Looking at the critical milestones and delivery phases of an initiative may usefully inform the timing of monitoring, review and evaluation.

The type of evaluation is largely determined by the nature of the initiative itself and how the findings of the evaluation will be applied. In deciding on the design, approach and methodology of the evaluation, consider:

  • Which information, data collection and evaluation methodology will provide the evidence base to best inform the decision-makers?

  • Which methods and data will produce the most robust and credible evidence base within given timeframes and the resources available?

Good indicators are succinct measures that aid understanding of the initiative and make comparisons and improvements possible. If meaningful indicators are not selected, no amount of data will provide useful insights about or evidence for the performance of an initiative. Likewise, meaningful indicators without meaningful data will not be useful.

Responsibility for conducting the evaluation and acting on its findings and recommendations needs to be identified during planning. Forecasts for adequate resourcing of monitoring, review and evaluation also need to be completed in the planning phase. Funding must take into account the full costs to the affected agencies, jurisdictions, third party contractors and funding recipients. The availability of resources and capacity will determine whether the evaluation is conducted internally or externally.

How and to whom the evaluation report will be released will be informed by the purpose of the evaluation and how the results are intended to be used. Reviews and monitoring reports should also be considered in this context.

Reporting the results of an evaluation is not an end in itself. The findings need to be applied so that the original purpose of the evaluation is achieved. This may mean the findings and recommendations need to be tailored for specific audiences.

Rural Industries International Expo—monitoring, review and evaluation

In designing monitoring, review and evaluation arrangements for the Rural Industries International Expo proposal, key issues to consider include:

  • What will success look like? How will it be measured? How will it be reported? Who will it be reported to? When will it be reported? What authority is required to ensure monitoring, review and evaluation activities proceed as planned?

  • What baseline data needs to be collected on the performance of rural industries to date, exports and the current status of domestic and international investment? When will comparison data be collected—directly after the Expo, after six months, after one year, prior to the next international exposition if another is held? Will connections made during the expo be documented through case studies so that some qualitative data will accompany the quantitative data?
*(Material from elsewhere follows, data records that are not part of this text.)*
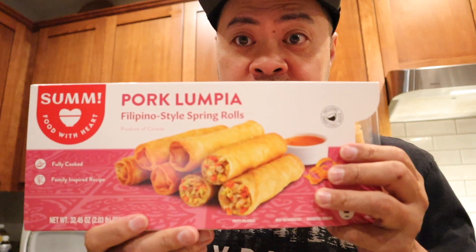Hey folks, John back here in the kitchen. I'm just not cooking tonight because my wife and I found this at Costco.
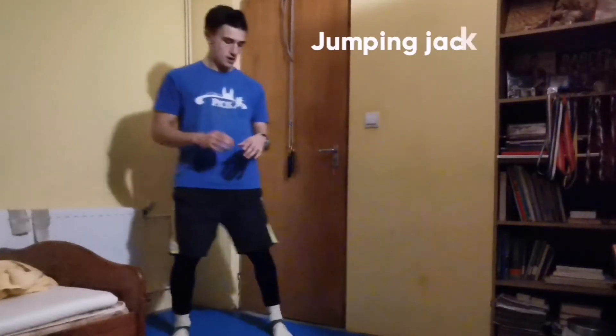The next exercise is going to be jumping jacks. Rest 15 seconds and start it now.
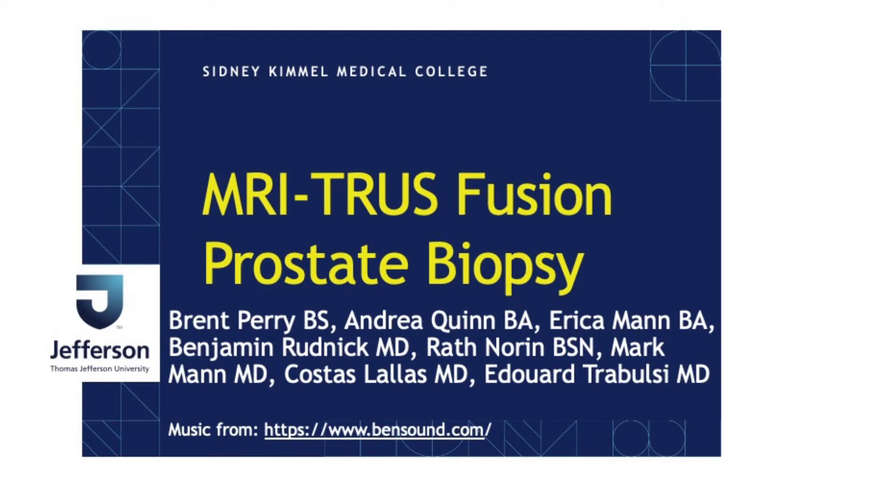Hello, my name is Ed Tribulsi. I'm a urologist at the Sidney Kimmel Medical College at Thomas Jefferson University in Philadelphia, and today we will show our technique for MRI fusion biopsy of the prostate using the UroNav platform.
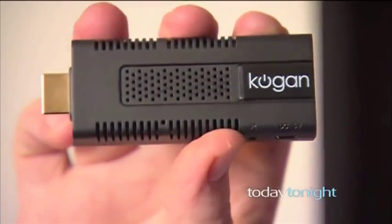Don't you just hate it? You've gone out and spent all this money on a new flat screen TV and there's all these smart TVs around. Well don't worry — for less than $100 with this device from Kogan, you can turn your existing flat screen TV into a smart TV.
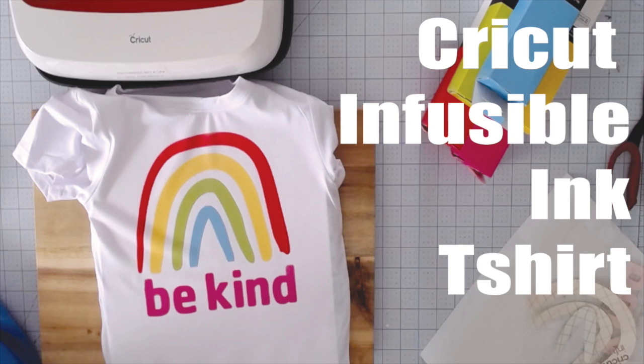Hi everyone. Thanks for joining me today. I'm going to walk you through how I made this super cute VKIND infusible ink t-shirt using a Cricut infusible ink t-shirt, Cricut infusible inks, and the Cricut EasyPress.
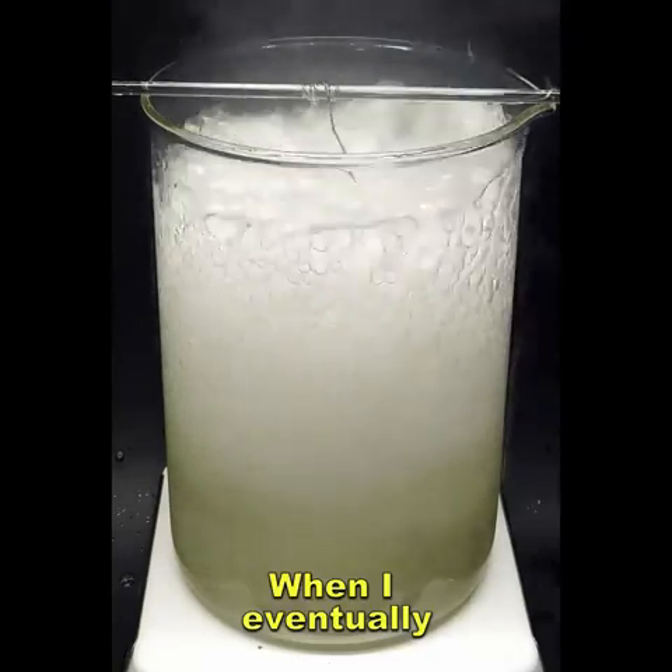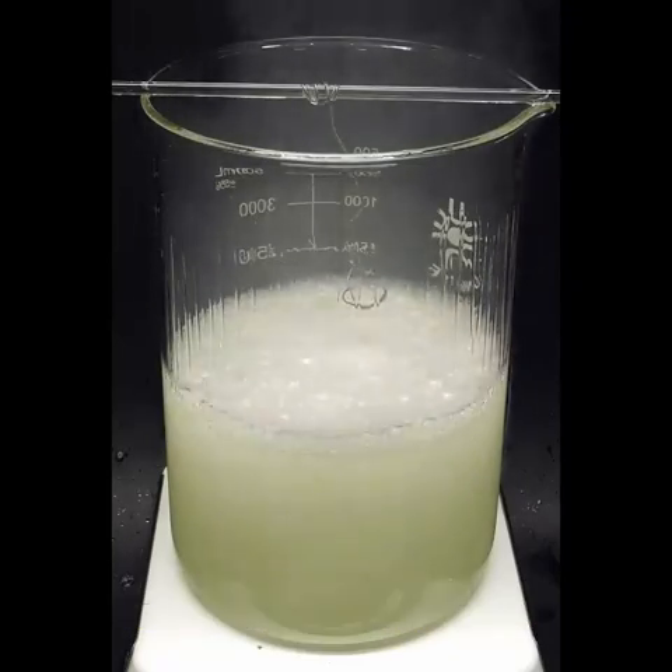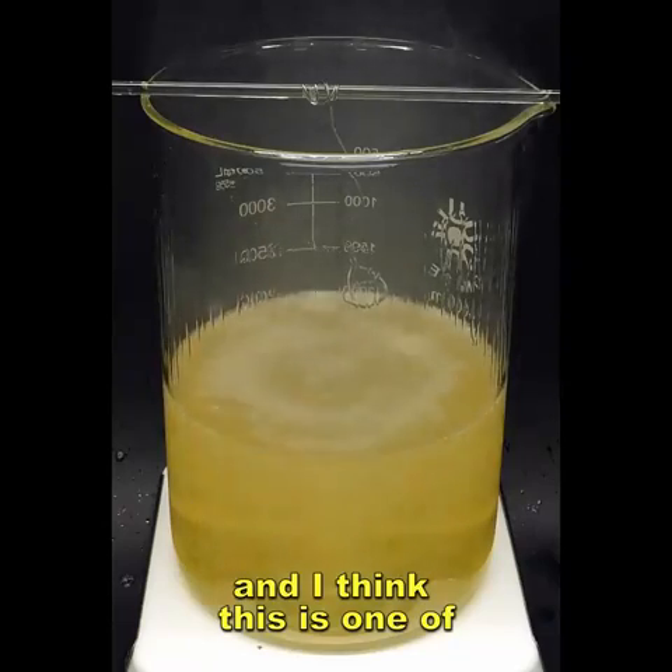When I eventually stopped adding the peroxide, I was actually shocked by what I saw. There was absolutely nothing left, and I think this is one of the most terrifying things I've ever done.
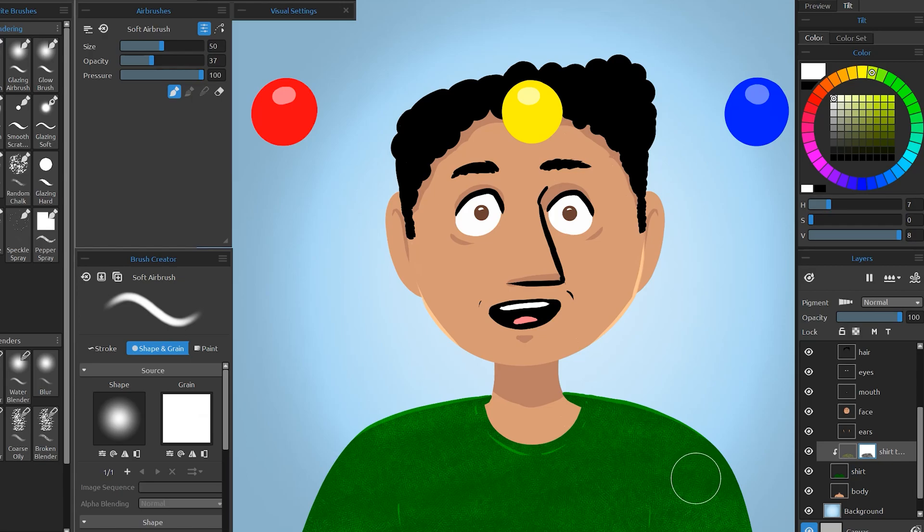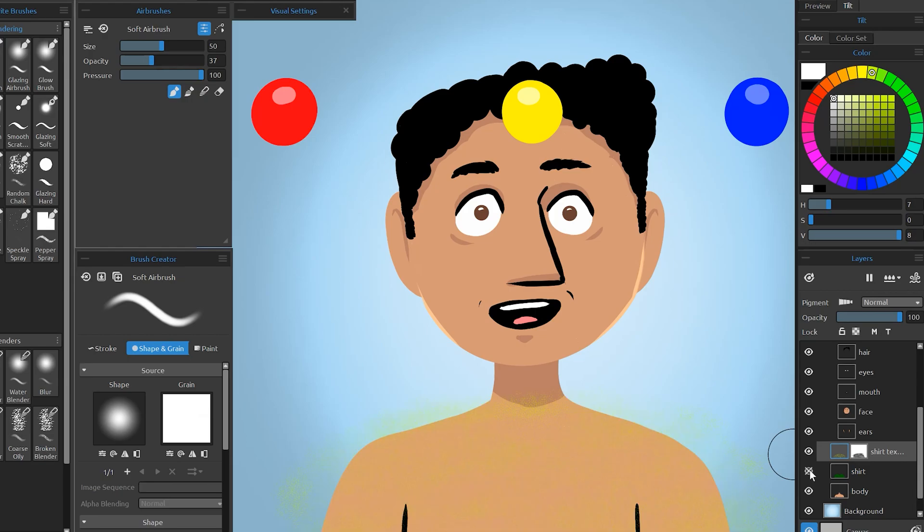By using these masks, I have the freedom to experiment with adding textures without the fear that I might ruin the shirt layer underneath.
  • What indicators will be chosen to monitor changes in performance directly due to the impact of the expo (that is, attribution)? Are there existing datasets that can be drawn on, or does a new framework need to be established? Has a reporting framework been agreed? Over what period are the benefits expected to be realised? Has an evaluation strategy been agreed? Is there an expert group available for guidance?

  • Who will be responsible for collecting the baseline and ongoing data? Who will be responsible for coordinating data collection? How will consistency be maintained across the collection? What resources (including funding) are available for the data collection, reporting and evaluation activities? Does funding for this need to be included in the NPP?

  • Are all stakeholders—interdepartmental, inter-jurisdictional and industry—aware that data collection and reporting of the data are part of implementation? Will there be a cost to state government or industry for participating in monitoring, review and evaluation activities? If so, will this be addressed in funding negotiations?